While it may have offered cover, it dodged the real issue: when a newsroom becomes the story, silence isn’t accountability. If CalMatters finds comfort in validation from a publication known more for provocation than journalism, it should reconsider what that says about its own standards.
CBM followed up with CalMatters CEO Neil Chase, asking for clarity on the purpose of the handbag question, whether the newsroom would review its editorial process, and what steps it planned to take to address bias.
Chase responded via email but didn’t directly answer those questions. He confirmed that he had apologized to McKinnor in writing — a week after the story became public — and hoped to meet with her. According to McKinnor’s chief of staff, Terry Schanz, she is not currently planning to meet.
Chase defended excluding reporting on the incident from the Jan. 21 article, saying CalMatters “agreed with the Assemblymember” that the question was inappropriate and not relevant. But that “agreement” was based not on any conversation with McKinnor, but on their reading of her public post. The editorial decision to feature her in the story while ignoring the controversy, is an editorial choice CalMatters has yet to explain.
The failure to address the incident during CalMatters’ Jan. 20 Digital Forum featuring Legislators with press experience — moderated by Chase — was a missed opportunity. Sen. Lola Smallwood-Cuevas (D-Los Angeles) raised the issue as an example of media bias against Black women. CBM reporter Antonio Ray Harvey also tried to raise it. Chase said nothing. Chase stayed silent — offering no acknowledgment, no response, and no engagement.
The California Legislative Black Caucus (CLBC) on Jan. 22 sent a formal letter to CalMatters demanding an unequivocal apology to McKinnor. The letter was signed by eleven of the caucus’s twelve members, except McKinnor, the subject of the question.

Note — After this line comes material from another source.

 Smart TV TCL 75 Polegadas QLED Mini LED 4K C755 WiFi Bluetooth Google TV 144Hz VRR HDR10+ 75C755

The letter called the handbag question “racist and sexist,” labeled CalMatters Jan. 21 story “lazy clickbait,” and said it reduced McKinnor to “an adorned object, not a person.” It described the article as a “transparent attempt to portray [her] as a quid pro quo legislator,” and demanded CalMatters take responsibility, conduct bias training, and apologize — stating, “Our democracy demands it.”
CLBC’s involvement makes clear this isn’t just about one lawmaker. It’s about how Black women in elected office are scrutinized or undermined by institutions that claim to hold power accountable.

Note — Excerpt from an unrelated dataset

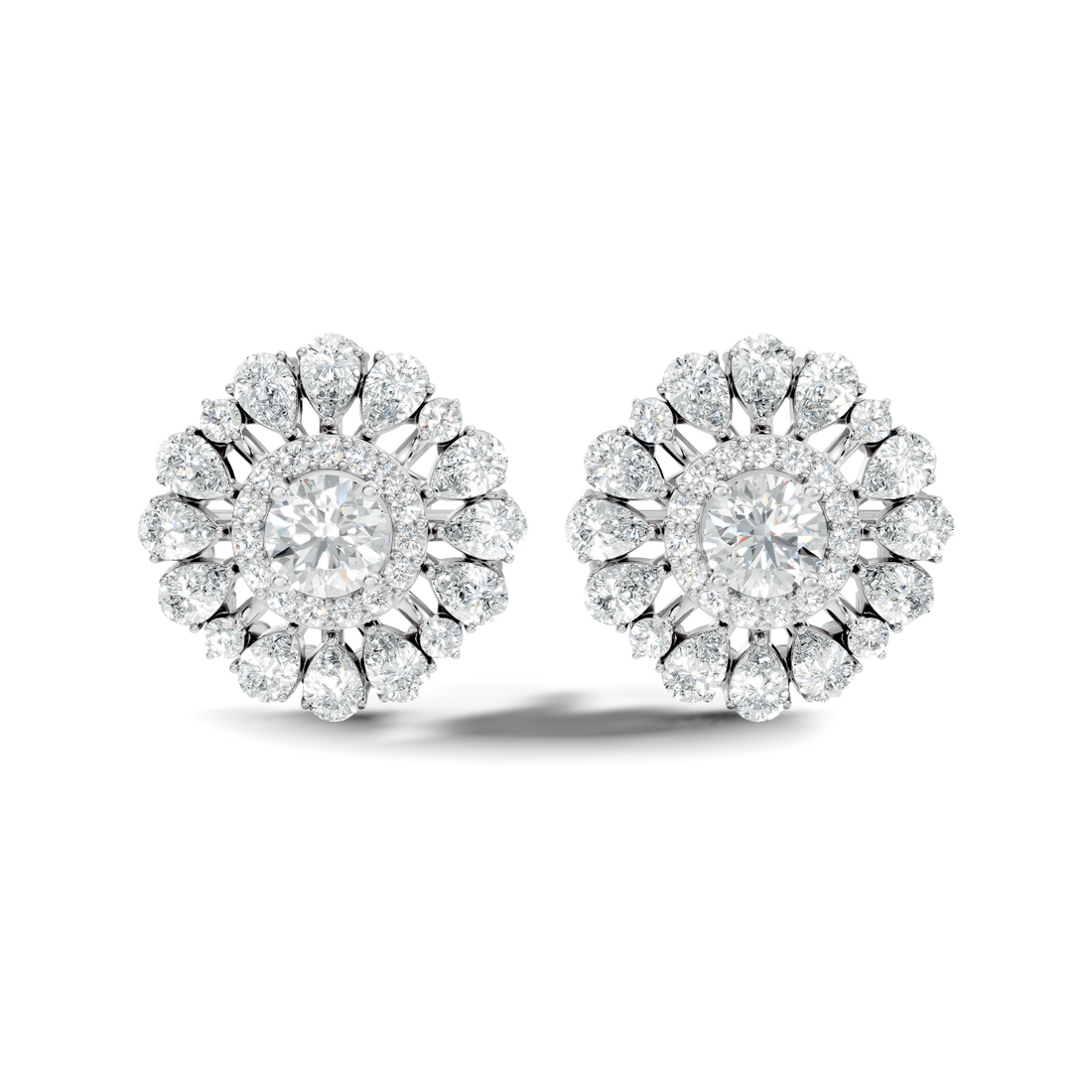 Pear & Round Floral Sunburst Diamond Studs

That scrutiny doesn’t come from nowhere. For decades — especially through the 19th and 20th centuries — most major newspapers and broadcasters were owned and run by White editors and publishers.
Stories about communities of color often relied on stereotypes, lacked context, and echoed official narratives. In 2020, the Los Angeles Times confronted its own role in that legacy, issuing a front-page apology for backing the incarceration of Japanese Americans, mischaracterizing the Zoot Suit Riots, and providing biased coverage of unrest in Watts and after the Rodney King beating.
That history casts a long shadow, and it helps explain why questions like the one CalMatters asked still carry deep implications.
CalMatters’ own editorial policies promise fairness, transparency, and responsibility. “We recognize that our work has an impact on the people and institutions we report on, and we take that responsibility seriously,” the policy states. But the facts here tell a different story.
They asked the question, ignored the backlash, left out the controversy from a story that featured McKinnor, delayed an apology, gave no clear answers, and stayed silent at a public forum. Each of these actions contradicts the mission they claim to follow.
It’s easy to talk about accountability journalism. It’s harder to practice it — especially when the story is about you.
CalMatters had multiple chances to uphold its own standards and didn’t. If it values public trust, it must hold itself to the same level of accountability it demands from others. Because when journalism avoids accountability, it becomes what it claims to challenge.